* EXERCISE GOAL: Write down exactly the lines from the one below that has "Guía de la montura" to the end of the data, both ends included; the pictures should not appear in your copy.

* EXERCISE DATA:
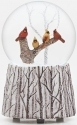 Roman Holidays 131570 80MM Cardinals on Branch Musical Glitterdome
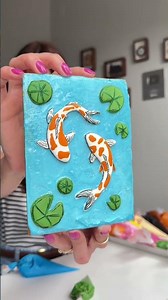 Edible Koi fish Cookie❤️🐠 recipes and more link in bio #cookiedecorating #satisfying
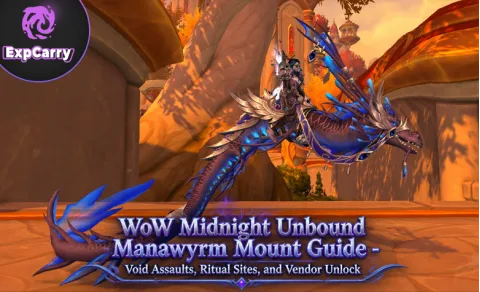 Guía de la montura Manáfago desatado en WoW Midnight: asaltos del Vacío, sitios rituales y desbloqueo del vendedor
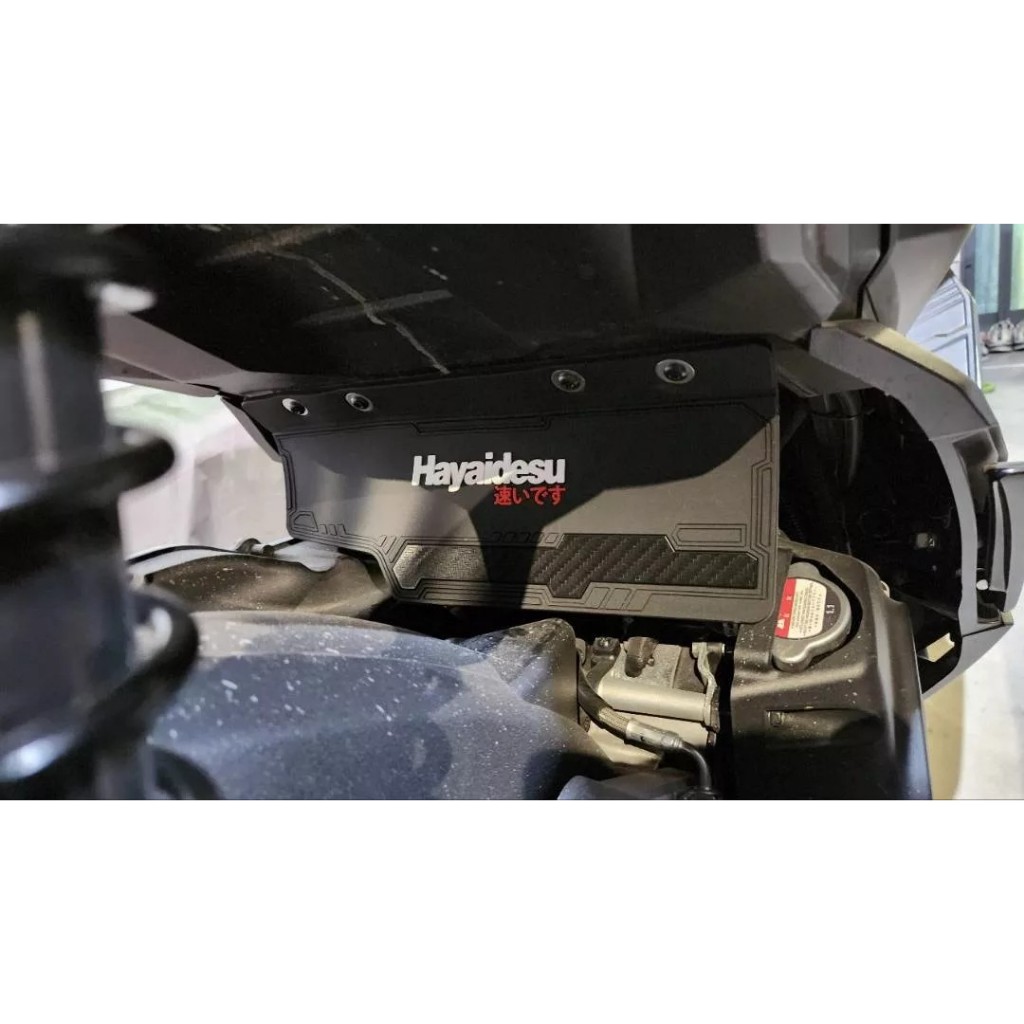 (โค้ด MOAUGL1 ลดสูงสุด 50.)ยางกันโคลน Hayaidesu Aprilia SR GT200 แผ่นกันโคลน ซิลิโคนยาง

* RESPONSE:
 Guía de la montura Manáfago desatado en WoW Midnight: asaltos del Vacío, sitios rituales y desbloqueo del vendedor
 (โค้ด MOAUGL1 ลดสูงสุด 50.)ยางกันโคลน Hayaidesu Aprilia SR GT200 แผ่นกันโคลน ซิลิโคนยาง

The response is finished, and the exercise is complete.